We just keep on messing and messing with Mother Nature, until She finally gets a little payback!
This was the case here. I'd be willing to bet that none of these survivors ever went whaling again!
Nov 20, 1820:
American vessel sunk by sperm whale
The American whaler Essex, which hailed from Nantucket, Massachusetts, is attacked by an 80-ton sperm whale 2,000 miles from the western coast of South America.
The 238-ton Essex was in pursuit of sperm whales, specifically the precious oil and bone that could be derived from them, when an enraged bull whale rammed the ship twice and capsized the vessel. The 20 crew members escaped in three open boats, but only five of the men survived the harrowing 83-day journey to the coastal waters of South America, where they were picked up by other ships. Most of the crew resorted to cannibalism during the long journey, and at one point men on one of the long boats drew straws to determine which of the men would be shot in order to provide sustenance for the others. Three other men who had been left on a desolate Pacific island were saved later.

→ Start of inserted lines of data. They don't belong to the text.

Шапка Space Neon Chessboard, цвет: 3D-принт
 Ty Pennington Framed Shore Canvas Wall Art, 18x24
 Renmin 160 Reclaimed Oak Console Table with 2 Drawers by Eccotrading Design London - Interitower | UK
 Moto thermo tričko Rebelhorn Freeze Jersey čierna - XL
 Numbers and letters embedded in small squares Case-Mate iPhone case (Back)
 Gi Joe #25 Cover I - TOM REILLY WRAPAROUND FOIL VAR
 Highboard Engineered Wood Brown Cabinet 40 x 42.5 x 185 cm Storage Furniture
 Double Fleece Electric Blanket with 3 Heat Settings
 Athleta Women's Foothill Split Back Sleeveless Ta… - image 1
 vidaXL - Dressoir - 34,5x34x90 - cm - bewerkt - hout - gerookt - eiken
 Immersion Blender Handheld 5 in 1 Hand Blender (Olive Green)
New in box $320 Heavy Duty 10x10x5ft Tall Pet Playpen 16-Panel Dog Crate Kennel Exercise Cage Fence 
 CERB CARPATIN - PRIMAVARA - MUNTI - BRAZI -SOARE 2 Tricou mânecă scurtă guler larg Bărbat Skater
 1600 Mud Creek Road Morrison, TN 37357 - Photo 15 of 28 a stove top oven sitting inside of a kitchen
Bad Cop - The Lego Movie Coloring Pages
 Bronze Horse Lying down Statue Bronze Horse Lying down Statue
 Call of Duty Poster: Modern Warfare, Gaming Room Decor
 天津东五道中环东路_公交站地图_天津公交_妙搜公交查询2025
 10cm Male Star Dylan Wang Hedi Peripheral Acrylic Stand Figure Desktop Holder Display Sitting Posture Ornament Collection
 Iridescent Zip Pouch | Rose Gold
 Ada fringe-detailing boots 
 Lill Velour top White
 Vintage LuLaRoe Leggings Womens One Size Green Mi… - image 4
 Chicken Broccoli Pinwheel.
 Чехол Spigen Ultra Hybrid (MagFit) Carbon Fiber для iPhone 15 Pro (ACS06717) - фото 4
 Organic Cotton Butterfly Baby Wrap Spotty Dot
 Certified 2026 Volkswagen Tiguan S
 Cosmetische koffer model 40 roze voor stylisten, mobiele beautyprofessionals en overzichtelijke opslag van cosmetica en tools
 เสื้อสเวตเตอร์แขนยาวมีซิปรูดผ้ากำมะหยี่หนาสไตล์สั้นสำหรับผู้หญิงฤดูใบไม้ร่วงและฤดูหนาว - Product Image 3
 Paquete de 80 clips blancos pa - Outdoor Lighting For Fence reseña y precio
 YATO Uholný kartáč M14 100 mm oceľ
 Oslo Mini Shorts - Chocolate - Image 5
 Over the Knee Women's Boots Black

The first capture of a sperm whale by an American vessel was in 1711, marking the birth of an important American industry that commanded a fleet of more than 700 ships by the mid 18th century. Herman Melville's classic novel Moby Dick (1851) was inspired in part by the story of the Essex.
Whaling has never been a pretty business, and the old ways of taking and dressing whales bloody and brutal at best. I'm sure there was more than just one case of a big whale attacking and sinking a ship.
One thing about it...these sailors paid a very dear price for their part in this misadventure!
Coffee on the patio this morning. I hope it's going to be a little rainy this morning!